We should be taxing a stable sector instead of income.
If we were to tax sales. We'd wind up with a better way of predicting revenue. Plus you'd stop punishing productivity.
Would it? Are you absolutely sure?
Wouldn't we just then be taxing those who consume, and therefore wouldn't most people consume less than otherwise?
And with that collective decrease in consumption, wouldn't that slow down the economy?
And when the economy slowed, wouldn't capital lay off workers?
And when more workers were laid off, wouldn't that decrease their ability to consume collectively, further still?
Can you see the vicious circle
that radical shift in taxation policy might be creating?
Let me give a a small example of what I mean about consumption taxation hurting the commonweal.
Maine taxes some kinds of consumer goods that New Hampshire does not.
Guess what that means for stores close to the border between Maine and New Hampshire that sell those consumer goods?
Blowback...
That's the thing about economic theories and the policies that come from them:
For every collective action there's a million individual reactions that mitigate the efficacy of that collective action.
Now, I am
not completely dismissing your complaints about the policies we have today.
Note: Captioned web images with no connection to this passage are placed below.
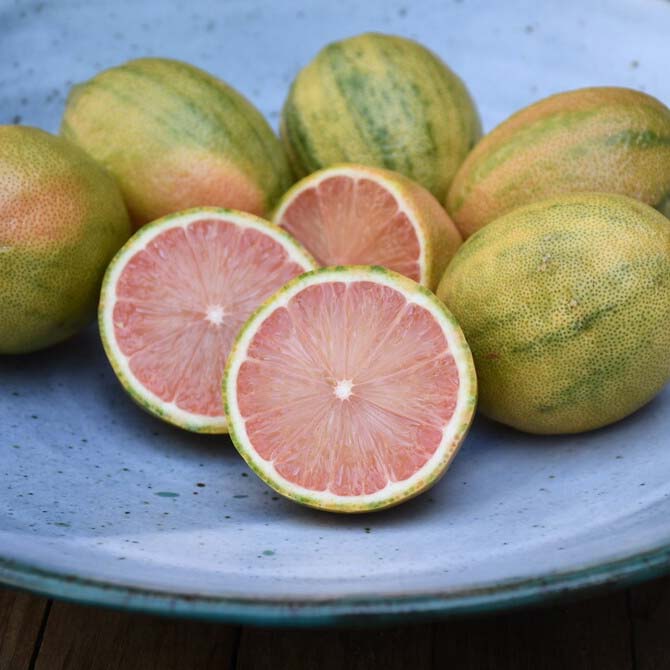 Organic Pink Variegated Lemons - Fresh, Rare Citrus Fruit for Cocktails, Baking & Gourmet Cooking - Perfect for Home Bars, Desserts & Gift Baskets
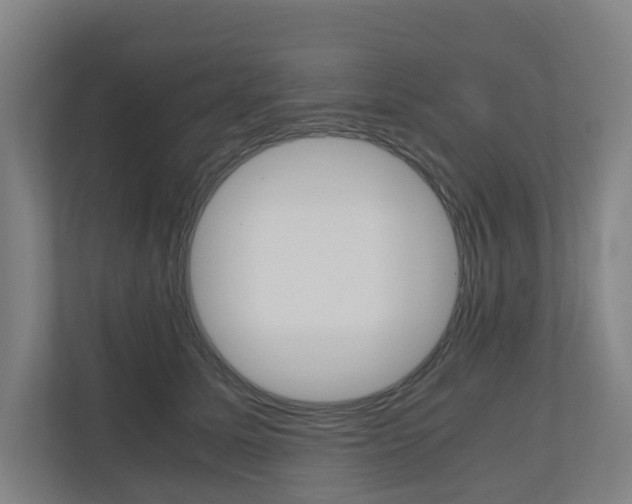 X0000111030611200906251119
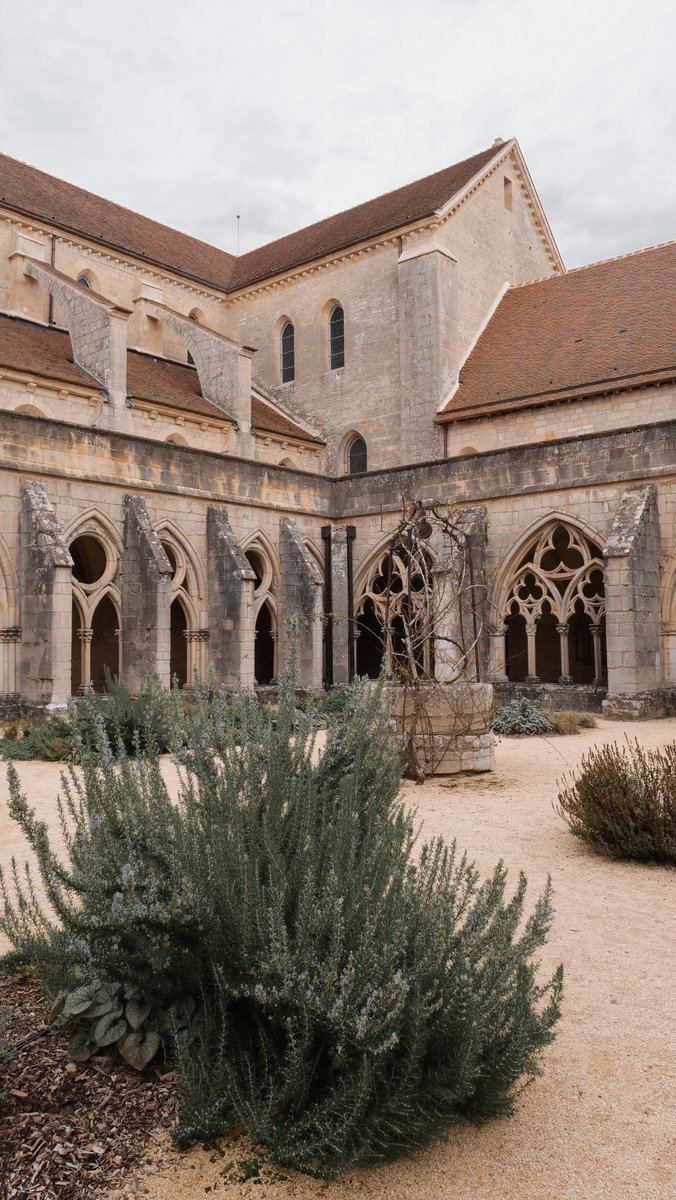 Les couleurs d'automne dans les jardins et le cloître de l'abbaye, on adore pas vous ? 🥰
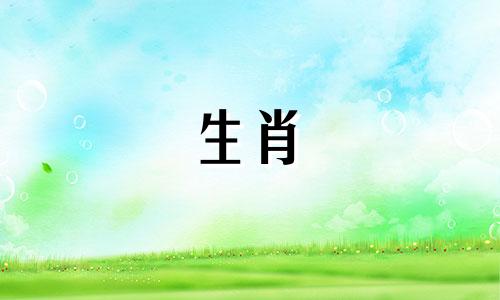 在十二生肖中,哪四个属相被认为是最聪明的?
There is a logic to the complain that taxing production taxes the productive and that logic is quite irrefutable.
But economics is the complex interaction of everyone combined.
People respond to the pressures that economic policies and taxation puts on them
personally.
Sometimes, their personaly responses (which become collective responses) work out to everyone's benefit, and sometimes they don't.
I am not convinced that a consumption-ONLY taxation system would serve the commonweal
especially well.
Convince me that my concerns are specious.